Vos propos ont été fort instructifs. Pour ma part, je constate que sur de nombreuses problématiques liées à l'environnement, nous souffrons, actuellement, de l'établissement d'un rapport de force entre deux parties : les associations représentatives de l'environnement et les fonctionnaires des services de l'agriculture ou de l'équipement, d'une part ; les élus, d'autre part, qui manquent parfois de pédagogie quant au contenu des mesures proposées. L'aide scientifique que peuvent nous apporter un certain nombre de chercheurs ou de personnages faisant autorité en la matière serait sans doute bienvenue pour rétablir et nourrir un dialogue sain entre tous. Bien entendu, je ne mets pas en cause les connaissances des fonctionnaires ou responsables d'associations ; simplement, l'arbitrage scientifique peut nous aider à accepter de transiger dans un sens ou dans l'autre et asseoir, de fait, l'autorité. C'est là une piste sur laquelle nous souhaiterions nous engager et j'aimerais connaître la réaction de votre Ministère quant à cette suggestion.

Un tout dernier point me vient à l'esprit à propos de la présence, dans les zones de montagne, des grands prédateurs réintroduits que sont le loup et l'ours. Pouvez-vous éclairer notre lanterne à ce sujet ?
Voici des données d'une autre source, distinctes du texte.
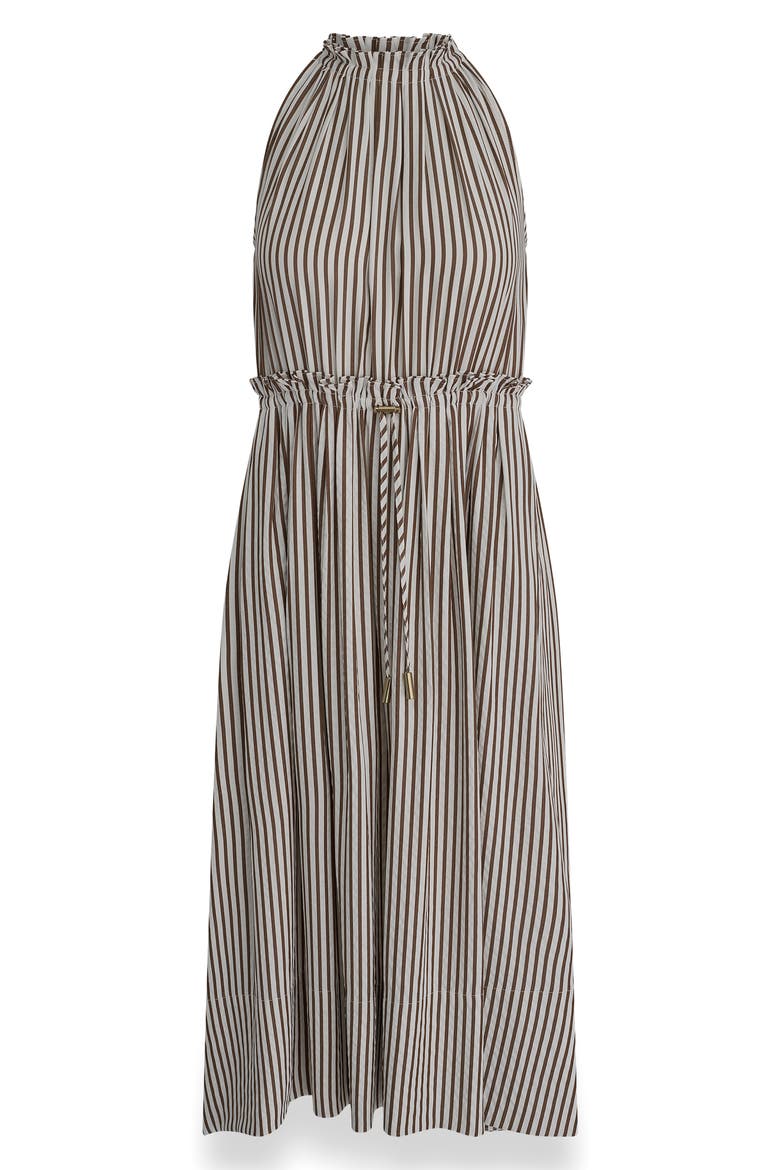 Sleeveless Stripe Midi Dress, Alternate, color, CREAM/ RUSS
Mme Claudine Zysberg - Cette question sera traitée dans le rapport écrit qui vous sera envoyé après mon audition. Une précision cependant, les ours des Pyrénées ont bien été réintroduits par l'homme. Les loups, en revanche, sont réapparus d'eux-mêmes.

M. Jean-Paul Amoudry - Au-delà de tout aspect polémique, ce sujet me paraît légitimement porté à figurer dans notre rapport. Il est important que nous puissions en maîtriser clairement les tenants et les aboutissants, afin d'envisager une réponse cohérente en termes écologiques mais également économiques. Comme vous le savez, l'activité pastorale est particulièrement vulnérable sur ce point. Je vous invite donc à nous communiquer tout élément complémentaire.
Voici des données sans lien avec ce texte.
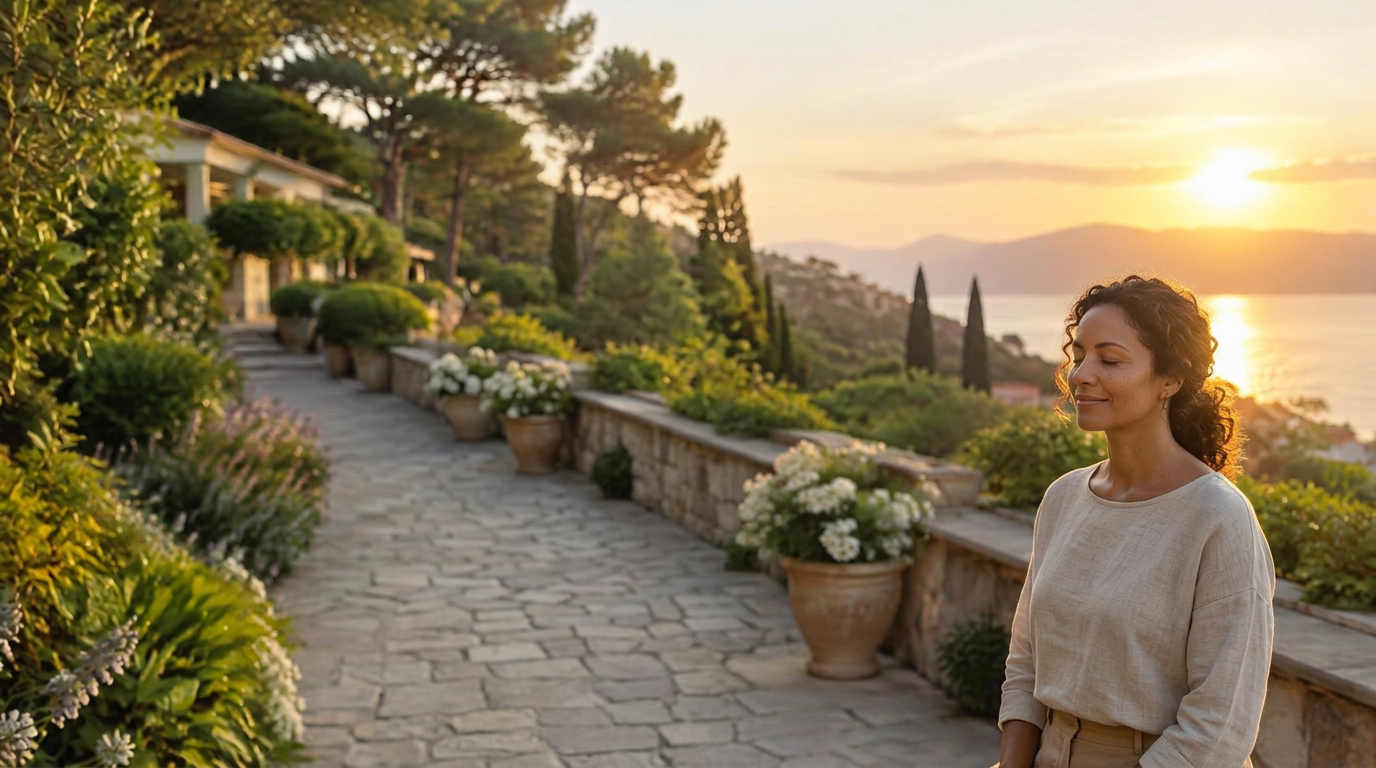 Person standing peacefully on a garden terrace at sunrise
Mme Claudine Zysberg - Pour ce qui concerne l'aide pédagogique évoquée, je précise que les Cahiers Habitats viennent de paraître : ils fourniront une aide précieuse dans l'établissement des documents d'objectifs en lien aux différents sites Natura 2000.

M. Jean-Paul Amoudry - Pardonnez-moi cet esprit d'escalier mais vous avez préalablement évoqué une liste complète des sites... Nous en déduisons qu'il existe une liste a minima des divers sites institués, que complète une liste complémentaire. Par ailleurs, nous comprenons qu'il est des minima exigibles département par département. Qu'en est-il de ces pourcentages ? Ont-ils une valeur réglementaire ou indicative ? Comment cela s'articule-t-il à la définition des zones à couvrir et des habitats ? Y a-t-il un objectif national prolongé au fil de l'eau ?

Mme Claudine Zysberg - Non. L'inventaire concerne les types d'habitat définis dans la directive et la liste établie par chaque préfet correspond aux sites d'intérêt communautaire. En d'autres termes, tous les sites qui correspondent à ces habitats ne sont pas nécessairement des sites d'intérêt communautaire. Il n'y a pas de pourcentage : l'intérêt national est dépassé au profit d'un intérêt communautaire à la protection et donc à la désignation et les choses se décident territoire par territoire. Ce qui est jaugé est la qualité du site par rapport à la liste complète des habitats d'intérêt communautaire. Cette liste d'accès public est disponible -- avec la description de chaque site -- sur le site Internet du Ministère de l'Environnement.

M. Jean-Paul Amoudry - Je vous remercie infiniment pour votre contribution et les éléments écrits que vous voudrez bien nous apporter.